In the next week or two I will need more oil. I checked out the latest prices the other night and it ranged from £311.00 to £349.65 for 900 Litres. Now my singing efforts would hardly raise the price of a fish supper and as for the dancing…. well we can forget all about that one thank you!
So what are the options?
Rent a room.
Sounds interesting and it would give the neighbours something to think about. If I rent a room do I want to be seen in all my morning glory minus the smile, wooden leg and glass eye? What if the house guest brought a pet snake, a tarantula or a german shepherd? Well now, that certainly needs more thought…..
There might be some chance if the German Shepherd wore lederhosen and yodelled! 🙄
Find a wealthy Toyboy.
If Tommy were a rich man,
Ya ha deedle deedle, bubba bubba deedle deedle dum.
All day long I’d bribe him with some buns.
If Tommy were a wealthy man.
I wouldn’t have to work hard.
Ya ha deedle deedle, bubba bubba deedle deedle dum.

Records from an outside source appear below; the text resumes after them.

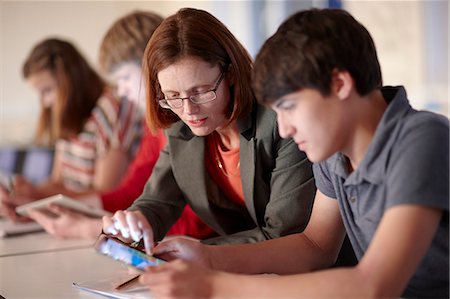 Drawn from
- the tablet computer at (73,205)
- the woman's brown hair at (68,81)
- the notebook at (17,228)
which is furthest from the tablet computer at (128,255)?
the woman's brown hair at (68,81)

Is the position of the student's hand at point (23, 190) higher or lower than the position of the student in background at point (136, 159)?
lower

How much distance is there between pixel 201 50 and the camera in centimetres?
130

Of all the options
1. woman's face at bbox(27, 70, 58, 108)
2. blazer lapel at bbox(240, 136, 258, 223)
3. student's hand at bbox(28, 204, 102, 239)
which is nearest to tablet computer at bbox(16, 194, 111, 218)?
student's hand at bbox(28, 204, 102, 239)

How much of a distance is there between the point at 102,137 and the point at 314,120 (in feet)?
5.85

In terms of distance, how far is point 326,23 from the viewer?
0.96m

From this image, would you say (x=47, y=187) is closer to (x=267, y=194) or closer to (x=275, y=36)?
(x=267, y=194)

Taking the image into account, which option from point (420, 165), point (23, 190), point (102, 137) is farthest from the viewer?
point (102, 137)

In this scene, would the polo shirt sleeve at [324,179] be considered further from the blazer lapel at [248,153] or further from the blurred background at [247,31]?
the blurred background at [247,31]

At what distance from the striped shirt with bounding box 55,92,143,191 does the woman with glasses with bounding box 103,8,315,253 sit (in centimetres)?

If Tommy were a biddy biddy rich,
Yidle-diddle-didle-didle man.
But Lily might put up a fight, talons at dawn win no awards and we girls need to behave in Cork.
Sell my crown jewels
Alas, the burglars got there first and cleared anything worth more than a second glance.
So what will that leave?
Wait now, I got it!
Flog the Artwork!
I will be sad to let it go but needs must. It is a personally signed ‘One Off’, carefully thought out and designed. A perfect representation of a family group filled with sunshine and love. Now where is the number for Sotheby’s?
I should really keep it under wraps until it goes under the hammer, but on the other hand I would really appreciate your opinion…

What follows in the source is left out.